A entrevista do magnata foi ao ar na noite de ontem, em meio ao quinto dia de uma onda de protestos realizados em grandes centros urbanos contra ele e às expectativas sobre a composição de sua equipe de governo. No fim da tarde, o presidente eleito anunciou a escolha de Reince Priesbus, atual presidente do Comitê Nacional Republicano, para chefiar o seu gabinete na Casa Branca, e de Steve Bannon, editor do polêmico site de extrema-direita Breitbart, para ser seu estrategista e consultor sênior. Enquanto a escolha de Priesbus representa um aceno à unidade partidária em meio às divisões no Partido Republicano, a presença de Bannon na alta cúpula da Casa Branca preocupa ativistas pró-direitos civis por suas conexões com o movimento Alt-Right, ligado a grupos de direita radical que pregam a supremacia branca.

Na conversa com a jornalista Lesley Stahl, do 60 Minutes, Trump reiterou a disposição em seguir com as políticas de imigração controversas que, ao longo da campanha, chegaram a ser consideradas xenófobas. O republicano assegurou a construção de um muro na fronteira com o México, mas considerou que nem todos os trechos serão de alvenaria. “Poderá haver cercas. Mas, para certas áreas, um muro é mais apropriado. Sou muito bom nisso”, disse. Segundo o republicano, depois que a fronteira estiver segura, seu governo fará uma “determinação” sobre o futuro dos cerca de 11 milhões de imigrantes ilegais que vivem nos EUA.

Enquanto Trump demonstra que está estruturando as políticas de governo, o presidente da Câmara dos Deputados, o republicano Paul Ryan, afirmou à rede CNN que um plano de deportação em massa não é prioridade. “Não é nisso em que estamos focados. Estamos focados em tornar a fronteira segura”, garantiu.  Diante do histórico de diferenças entre Trump e Ryan, ainda não está claro como o presidente da Câmara ajudará o futuro chefe de Estado a conseguir o apoio necessário no Congresso para seguir com a agenda. O líder da bancada republicana na casa, Kevin McCarthy, alertou que um plano de deportação em massa será difícil de ser implementado e indicou que há mais disposição entre os legisladores em apoiar o fortalecimento da segurança nas fronteiras. “Eu acho que é muito factível e é uma das coisas que têm de ser feitas”, ponderou, em entrevista à rede Fox News. 

Limitações

Stephen Yale-Loehr, especialista em políticas de imigração e professor de direito da Universidade Cornell, observa que Trump precisará de aprovação do Capitólio para parte de suas propostas, incluindo a construção do muro no sul do país. “Mesmo que os republicanos estejam no controle, tanto da Câmara, quanto do Senado, pelos próximos dois anos, é sempre difícil para o Congresso agir de forma significativa sobre mudanças no sistema de imigração, porque o tema é muito complexo e controverso”, pondera.

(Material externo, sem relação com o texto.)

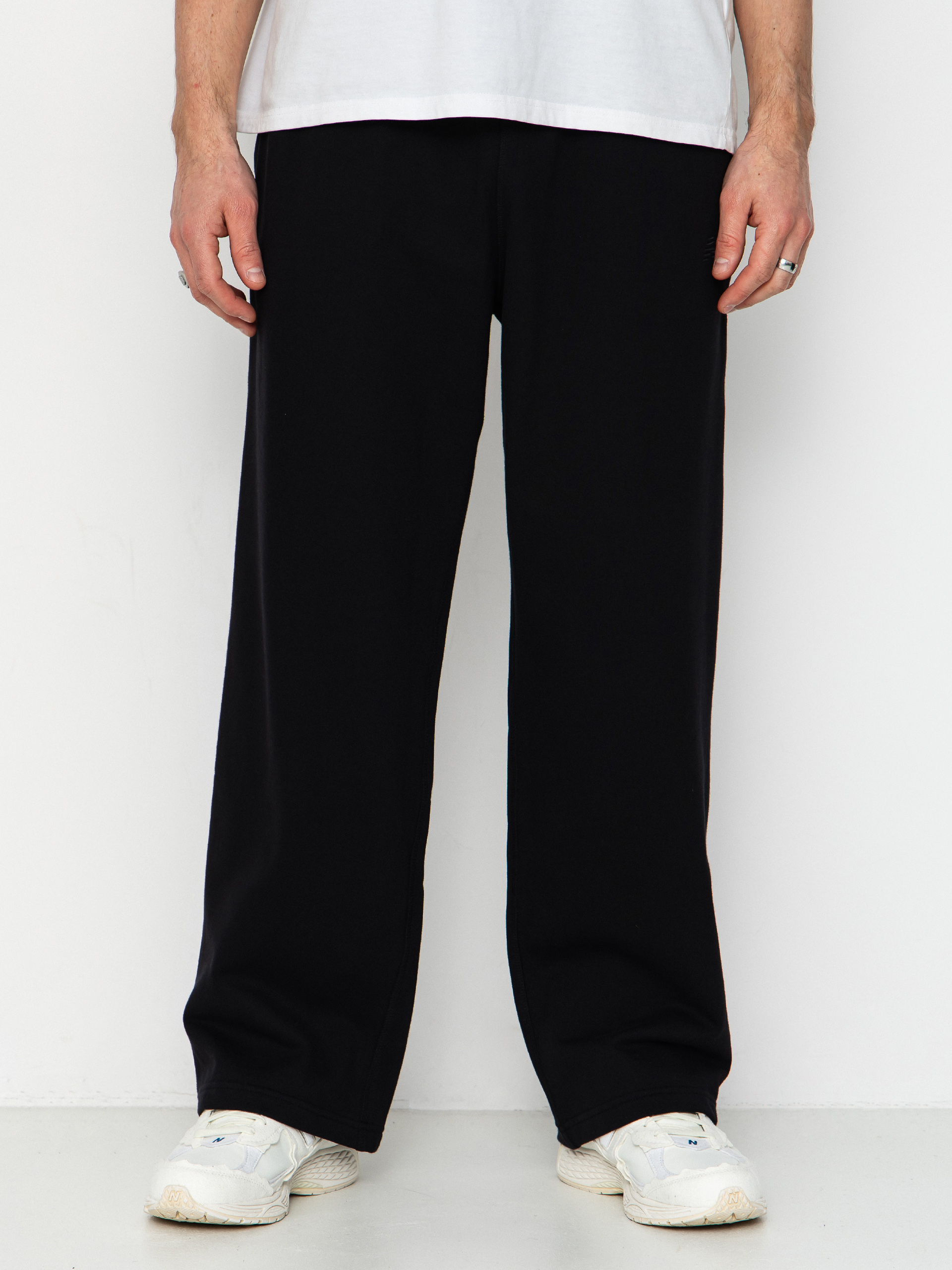 Панталони New Balance Athletics French Terry (black)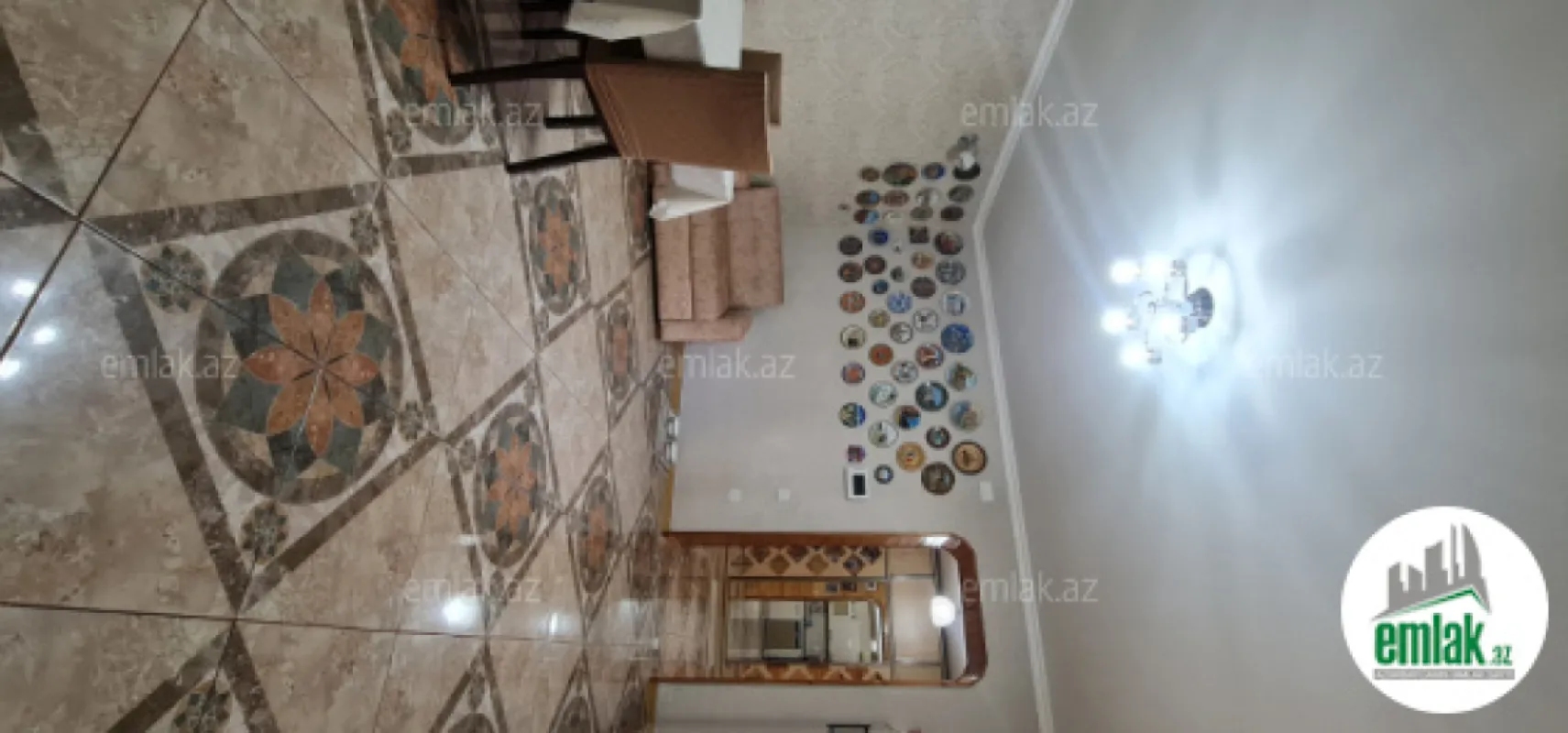 Satılır 10 otaqlı həyət evi 320 m²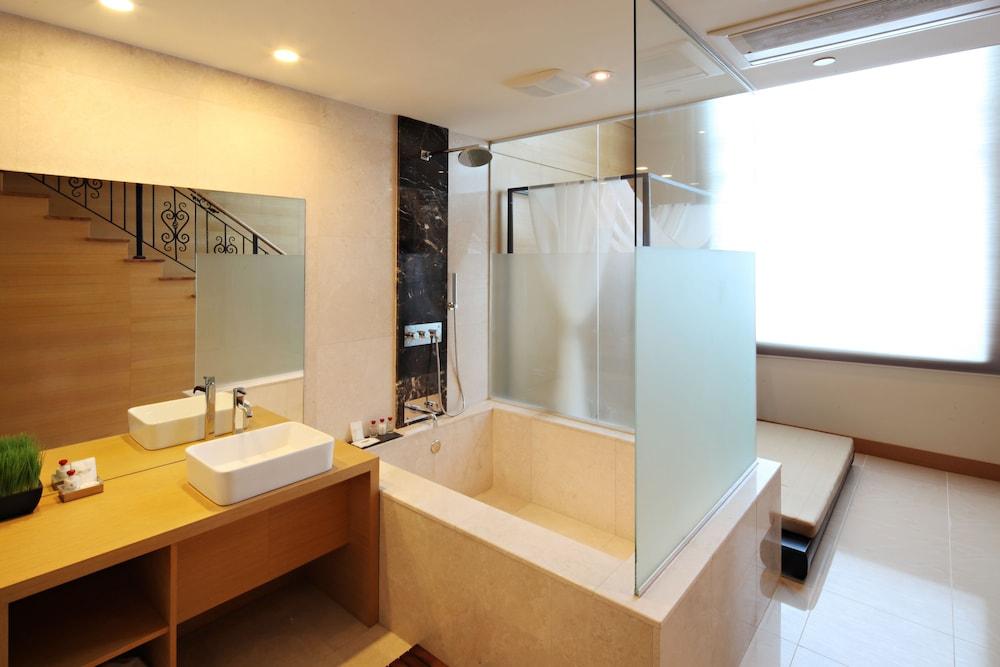 The One Boutique Hotel photo 38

O estudioso observa que Trump pode revogar unilateralmente as ordens executivas emitidas pelo presidente Barack Obama sobre o tema, mas que precisará do apoio do Legislativo para ter o orçamento a ser usado em medidas substanciais. “O governo federal é como um porta-aviões; é difícil mudar seu curso rapidamente”, compara. “Além disso, algumas das suas propostas mais controversas, como a criação de um teste ideológico para admissão nos EUA, certamente provocariam desafios constitucionais nos tribunais.”

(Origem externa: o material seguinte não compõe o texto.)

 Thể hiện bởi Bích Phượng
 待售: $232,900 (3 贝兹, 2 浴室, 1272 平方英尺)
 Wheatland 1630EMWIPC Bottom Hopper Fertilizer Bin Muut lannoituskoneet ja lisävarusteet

Para Daniel Palazzolo, cientista político da Universidade de Richmond, o maior desafio de Trump está relacionado aos problemas de liderança que ele enfrenta. “A maioria dos eleitores se opõe às prioridades políticas de Trump: 54% se opõem à construção do muro e 70% acreditam que imigrantes ilegais que trabalham nos EUA deveriam ter uma oferta de legalização de seu status”, recorda. Palazzolo avalia que a alta rejeição do presidente eleito e o fato de ele ter sido derrotado por Hillary Clinton no voto popular não asseguram a legitimidade de suas ações. Embora o especialista acredite que as mudanças propostas por Trump virão, ele pondera que para onde essas medidas levarão o país ainda é uma questão aberta. 

Frase

“Algumas das suas propostas mais controversas, como a criação de um teste ideológico para admissão nos EUA, certamente provocariam desafios constitucionais nos tribunais”

Stephen Yale-Loehr, professor de direito da Universidade Cornell.